-- Work to complete --
Images are to be left out; everything else in the listing should be repeated exactly.

-- Collected material --
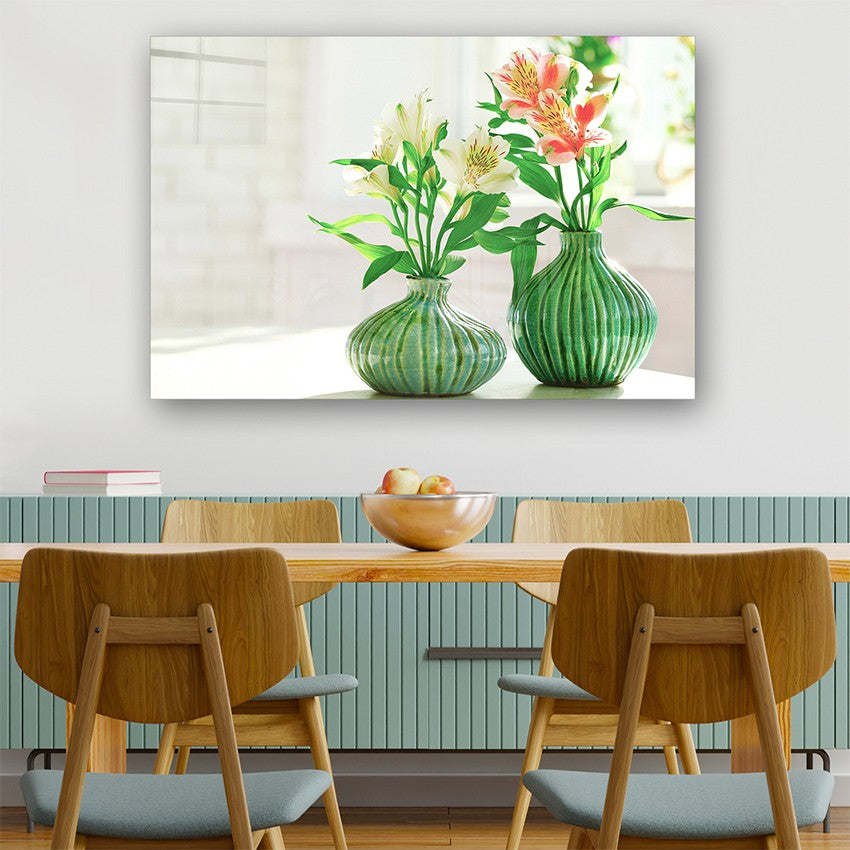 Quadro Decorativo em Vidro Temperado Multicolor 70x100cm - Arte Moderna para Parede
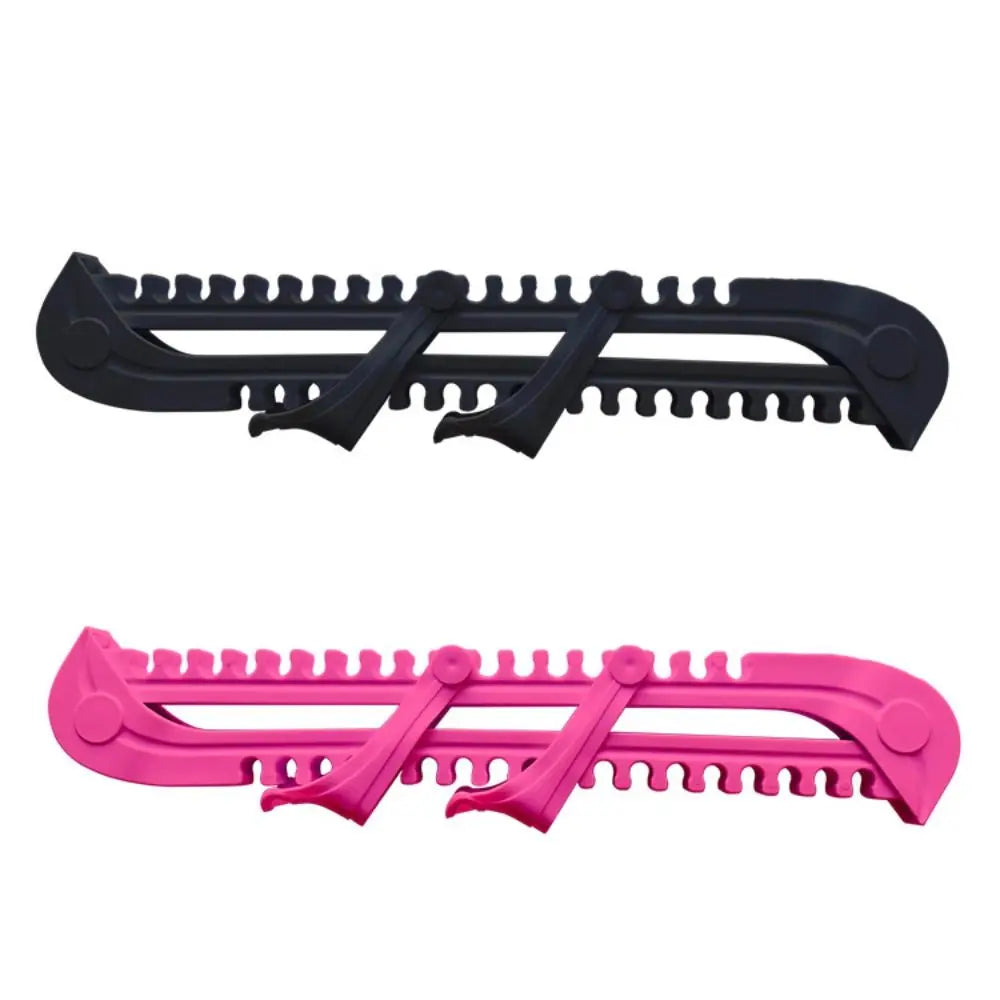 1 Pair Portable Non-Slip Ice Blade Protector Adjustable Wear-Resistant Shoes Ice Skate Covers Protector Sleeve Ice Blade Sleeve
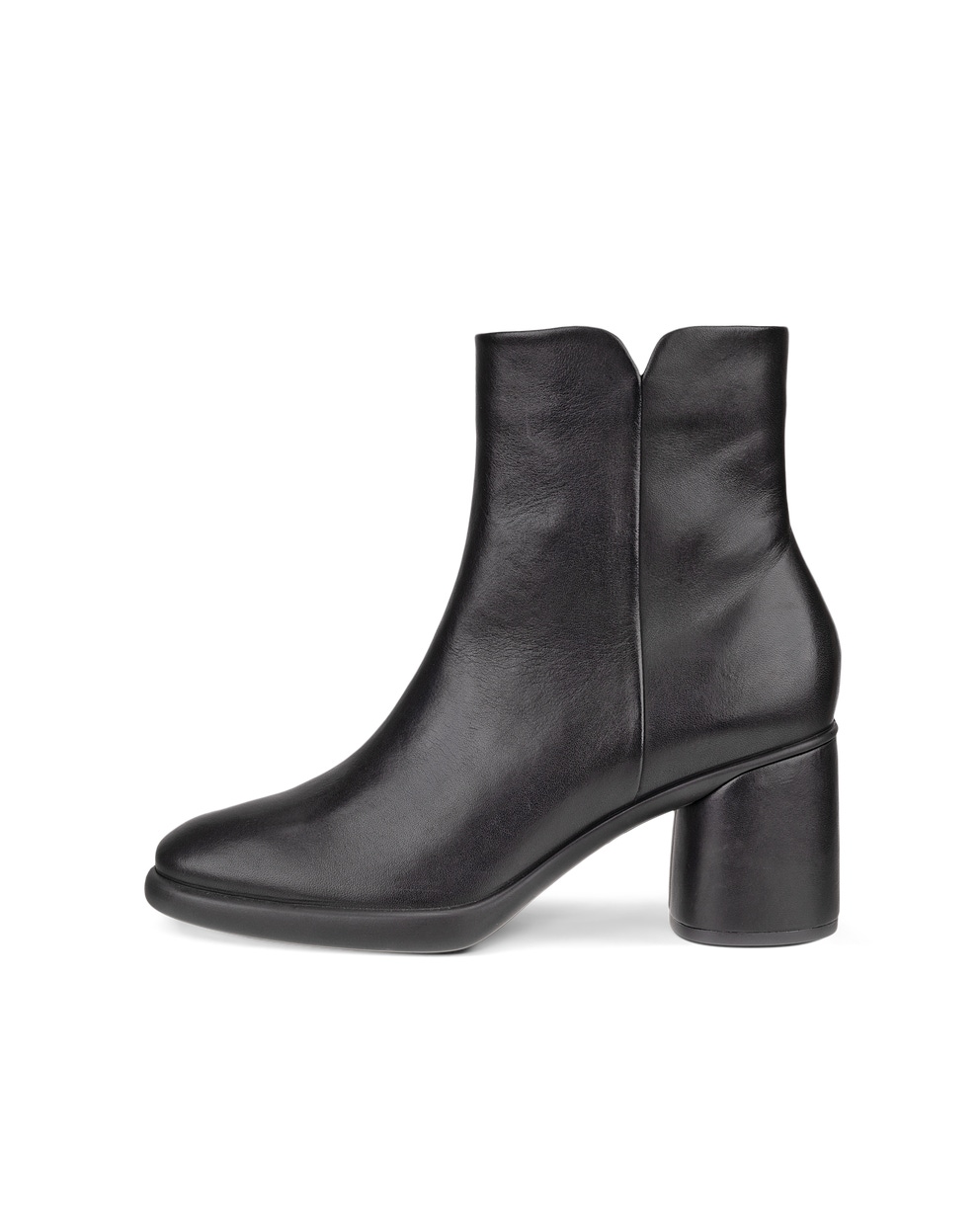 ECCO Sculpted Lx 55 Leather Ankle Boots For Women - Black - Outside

-- Solution for this problem --
 Quadro Decorativo em Vidro Temperado Multicolor 70x100cm - Arte Moderna para Parede
 1 Pair Portable Non-Slip Ice Blade Protector Adjustable Wear-Resistant Shoes Ice Skate Covers Protector Sleeve Ice Blade Sleeve
 ECCO Sculpted Lx 55 Leather Ankle Boots For Women - Black - Outside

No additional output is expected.